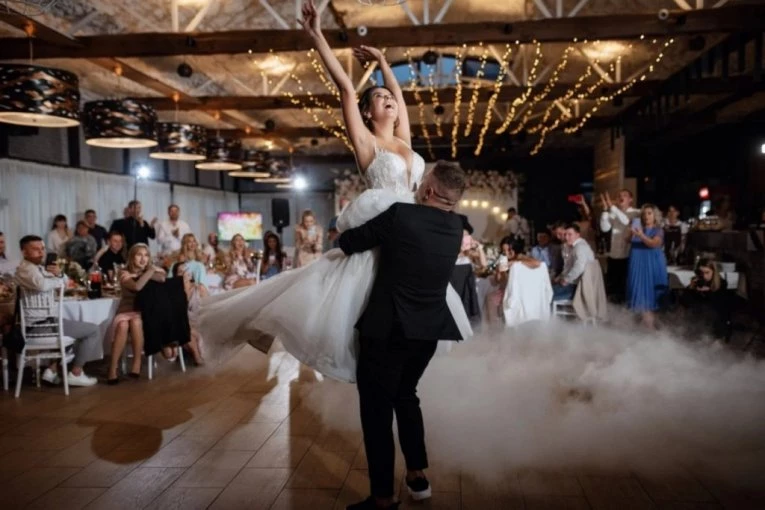 Mladenci se zaigrali na svadbi: Gostima priredili prvu bračnu noć uživo (VIDEO)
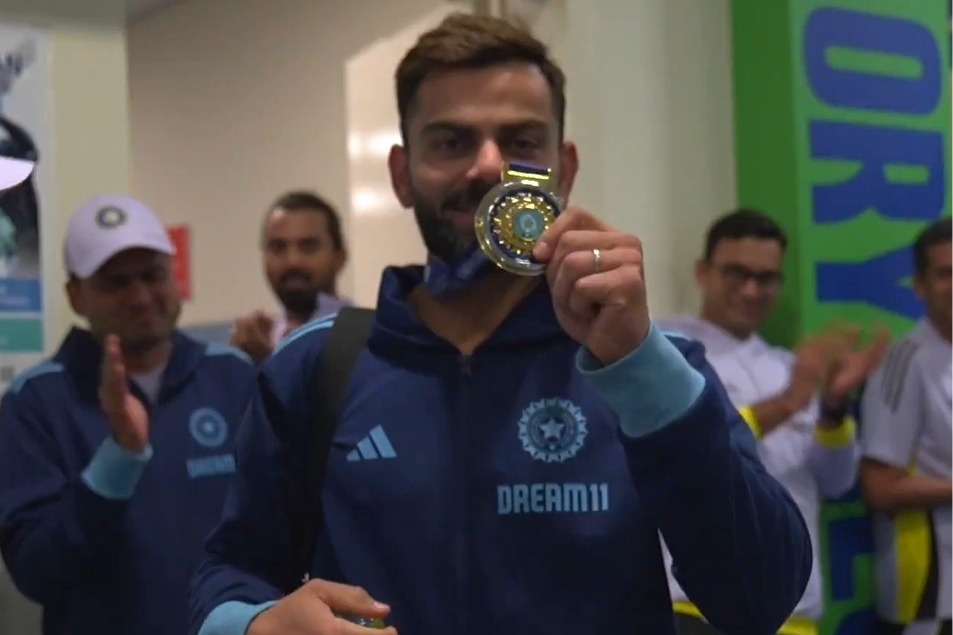 Champions Trophy: Virat Kohli bags 'Fielder of the Match' medal after win over NZ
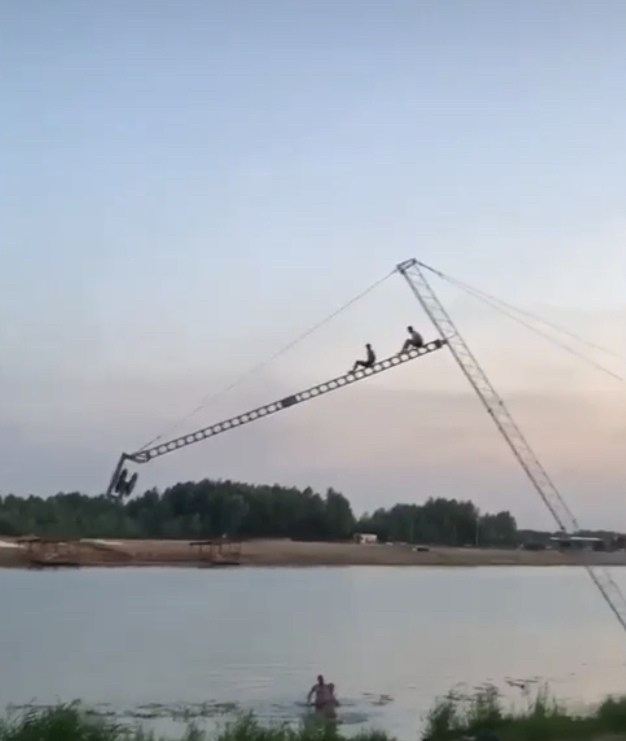 Строителей вейк-парка на Бору обвиняют в самовольном занятии водного объекта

### REQUIRED WORK
What you return should be all of the material above, exactly, and none of its pictures.

### OUTPUT BELOW
 Mladenci se zaigrali na svadbi: Gostima priredili prvu bračnu noć uživo (VIDEO)
 Champions Trophy: Virat Kohli bags 'Fielder of the Match' medal after win over NZ
 Строителей вейк-парка на Бору обвиняют в самовольном занятии водного объекта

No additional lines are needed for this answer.